Top Recipients: United States (USD 288bn), China (USD 80bn), and Brazil (USD 77bn).
Top Sources: United States (USD 310bn), Japan (USD 186bn), and China (USD 157bn).
Equity Slump: FDI equity flows in OECD countries fell by 84% (or 25% excluding volatile European data).
Non-OECD G20 Growth: Recorded a massive 42% increase in FDI inflows.
Greenfield Concentration: Five host economies, including India, received nearly half of all global greenfield capital expenditure.
Policy Relevance
Resilience in Capital Attraction: India recorded USD 39.1 billion in FDI inflows in 2025, a significant jump from USD 27.1 billion in 2024. This underscores India's growing status as a preferred destination for long-term productive assets.
Global Corporate Expansion: Indian outward FDI surged to USD 35.7 billion, reflecting the increasing global footprint and maturity of Indian multinational corporations.

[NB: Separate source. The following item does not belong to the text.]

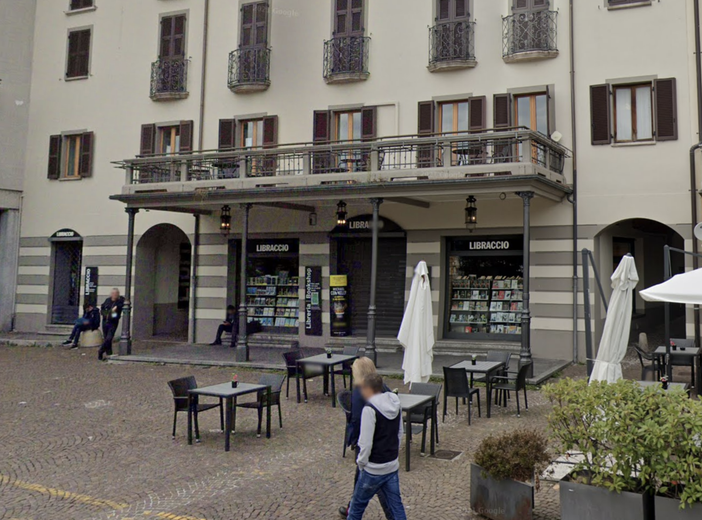Storia, presentazione del libro 'La linea sottile. Il fascismo, la Svizzera e la frontiera'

Greenfield Leadership: Being ranked among the top five global destinations for greenfield capital expenditure validates the "Make in India" initiative and the success of Production Linked Incentive (PLI) schemes in attracting large-scale manufacturing.
Strong Inward Position: India's total inward FDI stock reached USD 559 billion (13.6% of GDP), providing a stable foundation for capital-intensive sectors like technology and infrastructure.

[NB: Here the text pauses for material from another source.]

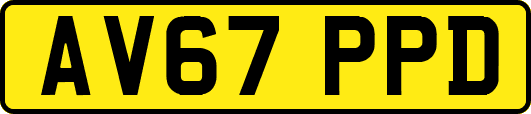 AV67PPD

Navigating Global Volatility: As the OECD warns of a difficult 2026 due to the Middle East crisis, India’s focus on diversifying energy and trade routes is critical to maintaining its status as a "safe haven" for international capital.
What is "Greenfield Investment"?
Greenfield investment is a type of FDI where a parent company starts a new venture in a foreign country by constructing new operational facilities from the ground up. This differs from "Brownfield" investments, like Mergers & Acquisitions (M&A), where a company buys an existing firm.
In the OECD 2026 report, greenfield investment is a critical metric because it represents "productive capacity", new factories, offices, and infrastructure that directly create jobs and physical assets. While the number of these projects stalled globally in 2025, India remained a premier destination for the high-value capital expenditure associated with these large-scale developments.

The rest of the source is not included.